Me encuentro a veces con la siguiente propuesta: que quienes tienen determinadas ideas políticas, en lugar de intentar que se implementen en el país, dado que las tienen por buenas, se vayan en cambio a vivir a alguna parte del mundo donde esas ideas ya hayan prosperado. Lo más frecuente, según creo, es remitir a las personas de izquierda a Cuba o a Venezuela (se aplica dicha invitación, no sé por qué, a los trotskistas; y aun a los populistas, incluso si no son de izquierda).
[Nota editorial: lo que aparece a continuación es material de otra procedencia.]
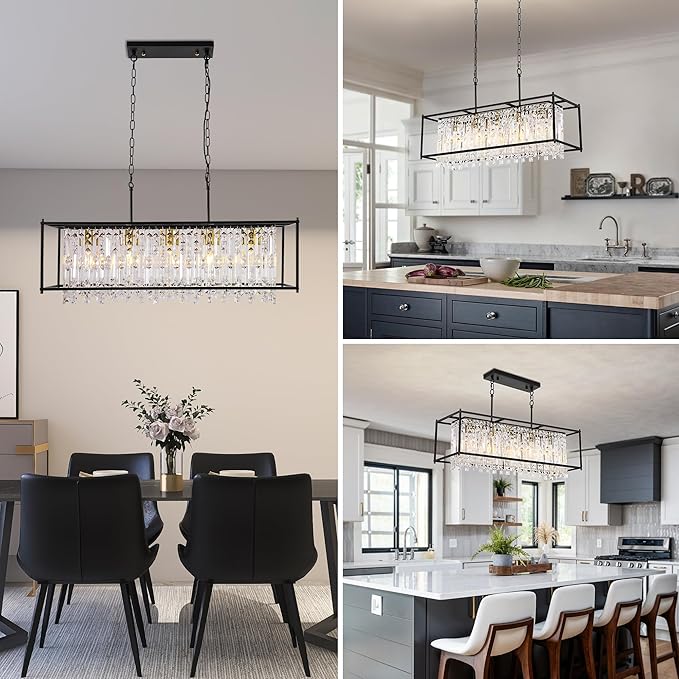 Modern Black Crystal Chandeliers For Dining Room, 36" Large Rectangle Water Ripple Glass Pendant Elegant Linear Lighting for Kitchen Island Dining Room LivingRoom Flat Inclined Ceiling,L36 x W11 x H19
Pero nada impide extender ese criterio e instar, por ejemplo, a quienes apuestan al desarrollo tecnológico del capitalismo a que se vayan a vivir a Japón, a quienes se inclinan por el desarrollo industrial a que se vayan a vivir a Alemania, a quienes prefieren la equidad socialdemócrata a que se vayan a vivir a alguno de los países nórdicos, a quienes alientan la flexibilización laboral a que se vayan a vivir a algún país con remanentes de esclavitud. Concluida la gesta expulsiva, la Argentina quedaría exclusivamente poblada por personas sin ideología política, es decir que no sabrían qué hacer pero tampoco sentirían necesidad alguna de saberlo.
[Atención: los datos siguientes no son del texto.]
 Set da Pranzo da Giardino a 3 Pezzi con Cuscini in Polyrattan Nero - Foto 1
El otro día conversaba en una vereda de Núñez con un señor que me reveló cuál era su solución para el país. La dijo apenas en dos palabras: “Un genocidio”. Como mi familia ha tenido algunas malas experiencias al respecto, preferí no entrar en detalles sobre el tipo de genocidio que tenía en mente; entiendo que su sugerencia era matar a todos los argentinos para que luego alguien (no dijo quién) reiniciara la tarea de sacar adelante el país; pero como él, que era argentino, no parecía dispuesto al suicidio, debo de haber entendido mal.
Son variaciones más o menos lúgubres de una misma fantasía: que los otros no existan más. Hoy transcurren en oscuras charlas de barrio y en obtusas violencias de redes, pero alguna vez cobraron la forma de una Campaña al Desierto o una Ley de Residencia.